I've been at this blogging thing for a little over 10 years. This was before blogs were even super popular. And while I don't opening share my blog on my social media, the people who read it have been avid readers and I appreciate you! I think my need for privacy, even though I'm posting this online, is likely due to my careers: law enforcement and teaching.

As I logged onto my Blogger account today I noticed I had a draft titled, "Year 1 done!" I opened up the post and it was completely blank. WOW....I was either distracted by something or just needed a break from all the school stuff. But I did make it through and have a job for next year. Year 1 is always a learning experience from what I hear from veteran teachers. I hope to maybe someday write a book about, "What college DOESN'T teach you about being a teacher." However, I was fortunate to connect with an amazing online group of teachers through a Teachers Helpline Facebook group. There were nights when I just needed to vent and figure out if my feelings were normal or if what I was experiencing was something totally out of the ordinary. Rest assured, I was reassured that my feelings were normal for a first year. The argument is true: we don't get paid enough for the amount of work we put in in order to be GOOD teachers. Our summers off aren't really summers off, because we are often curriculum writing, preparing for next year, watching videos online on how to be better teachers and we continue to read articles on education. At the same time, we are revamping our syllabus, looking at new activities to try to create more movement in the classroom, ect. It is a little overwhelming.

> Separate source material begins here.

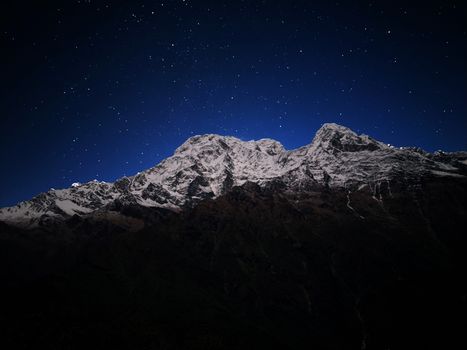 Stunning view of the Annapurna mountain range under a starry night sky in Nepal.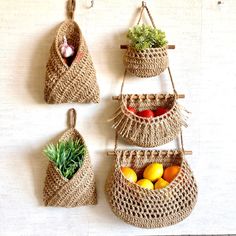 three baskets are hanging on the wall with vegetables and fruit in them, one is made out of jute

While I don't think I shared much about what was going on last summer, this summer has been quite a bit less stressful, but still stressful in its own way. Being back in my hometown and living in my parents house since I finally sold mine was a relief. I'm working along side my dad which is why I'm staying at their house. I had one of the best days of all summer on Monday. I was able to spend an extra day with Miss K. After she left that afternoon, I reflected on all that has happened in the last year. We moved, I took a new job, she went to Alex every weekend, and has been in Alex all summer. Our day on Monday was one of those perfect days where I felt like I finally had made it. I can do this on my own. I am so incredibly thankful to have parents who have flexible schedules and can come and help out when I need it, but I am so very capable of doing the single mom thing my myself. I felt empowered. I think with living here, I feel like a kid in my own way. I don't have my own space, my own kitchen. I have no doubt that next year Miss K and I are going to move mountains with what we are going to accomplish.

B and I finally spent the 4th together after being together for 3 4th of July's....Lot's of great conversations came from that night after the fireworks.
1. I need to be more confident in who I am
2. I need to stop letting other people run my life when I am fully capable of so many things
3. I need to express my feelings rather than allow them to change who I am

I am beyond excited to start year 2. It will all still be a learning experience, but new opportunities for relationships to be built, new responsibilities, and who knows what else.